** Instructions for the task **
Return the records verbatim.

** Raw data **
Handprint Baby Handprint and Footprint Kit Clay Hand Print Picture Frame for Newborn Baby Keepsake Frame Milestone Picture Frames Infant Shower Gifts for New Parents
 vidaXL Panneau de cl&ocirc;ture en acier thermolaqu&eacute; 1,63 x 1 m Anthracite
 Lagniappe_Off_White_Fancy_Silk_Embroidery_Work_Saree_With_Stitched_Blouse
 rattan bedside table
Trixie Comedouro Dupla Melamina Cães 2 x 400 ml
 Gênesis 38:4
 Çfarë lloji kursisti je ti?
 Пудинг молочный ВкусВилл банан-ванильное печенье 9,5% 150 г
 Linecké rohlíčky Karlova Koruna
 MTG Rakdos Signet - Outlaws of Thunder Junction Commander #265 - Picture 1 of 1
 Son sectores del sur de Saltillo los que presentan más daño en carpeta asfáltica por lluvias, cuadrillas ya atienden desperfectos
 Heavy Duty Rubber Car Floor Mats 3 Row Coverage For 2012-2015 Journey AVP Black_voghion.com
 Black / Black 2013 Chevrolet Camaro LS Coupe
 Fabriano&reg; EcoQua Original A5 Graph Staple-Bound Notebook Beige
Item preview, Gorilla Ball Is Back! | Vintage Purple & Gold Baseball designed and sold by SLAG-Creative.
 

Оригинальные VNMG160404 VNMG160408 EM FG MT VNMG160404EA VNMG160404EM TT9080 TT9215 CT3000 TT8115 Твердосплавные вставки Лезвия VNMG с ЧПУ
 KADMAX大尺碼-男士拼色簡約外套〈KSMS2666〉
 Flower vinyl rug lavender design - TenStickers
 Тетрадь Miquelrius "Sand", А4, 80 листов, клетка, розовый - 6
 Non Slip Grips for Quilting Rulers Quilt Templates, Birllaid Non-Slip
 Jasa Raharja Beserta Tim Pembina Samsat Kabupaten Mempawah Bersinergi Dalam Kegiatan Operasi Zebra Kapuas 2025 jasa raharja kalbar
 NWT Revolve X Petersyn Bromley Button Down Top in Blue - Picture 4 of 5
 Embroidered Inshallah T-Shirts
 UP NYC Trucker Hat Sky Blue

** Result **
Handprint Baby Handprint and Footprint Kit Clay Hand Print Picture Frame for Newborn Baby Keepsake Frame Milestone Picture Frames Infant Shower Gifts for New Parents
 vidaXL Panneau de cl&ocirc;ture en acier thermolaqu&eacute; 1,63 x 1 m Anthracite
 Lagniappe_Off_White_Fancy_Silk_Embroidery_Work_Saree_With_Stitched_Blouse
 rattan bedside table
Trixie Comedouro Dupla Melamina Cães 2 x 400 ml
 Gênesis 38:4
 Çfarë lloji kursisti je ti?
 Пудинг молочный ВкусВилл банан-ванильное печенье 9,5% 150 г
 Linecké rohlíčky Karlova Koruna
 MTG Rakdos Signet - Outlaws of Thunder Junction Commander #265 - Picture 1 of 1
 Son sectores del sur de Saltillo los que presentan más daño en carpeta asfáltica por lluvias, cuadrillas ya atienden desperfectos
 Heavy Duty Rubber Car Floor Mats 3 Row Coverage For 2012-2015 Journey AVP Black_voghion.com
 Black / Black 2013 Chevrolet Camaro LS Coupe
 Fabriano&reg; EcoQua Original A5 Graph Staple-Bound Notebook Beige
Item preview, Gorilla Ball Is Back! | Vintage Purple & Gold Baseball designed and sold by SLAG-Creative.
 

Оригинальные VNMG160404 VNMG160408 EM FG MT VNMG160404EA VNMG160404EM TT9080 TT9215 CT3000 TT8115 Твердосплавные вставки Лезвия VNMG с ЧПУ
 KADMAX大尺碼-男士拼色簡約外套〈KSMS2666〉
 Flower vinyl rug lavender design - TenStickers
 Тетрадь Miquelrius "Sand", А4, 80 листов, клетка, розовый - 6
 Non Slip Grips for Quilting Rulers Quilt Templates, Birllaid Non-Slip
 Jasa Raharja Beserta Tim Pembina Samsat Kabupaten Mempawah Bersinergi Dalam Kegiatan Operasi Zebra Kapuas 2025 jasa raharja kalbar
 NWT Revolve X Petersyn Bromley Button Down Top in Blue - Picture 4 of 5
 Embroidered Inshallah T-Shirts
 UP NYC Trucker Hat Sky Blue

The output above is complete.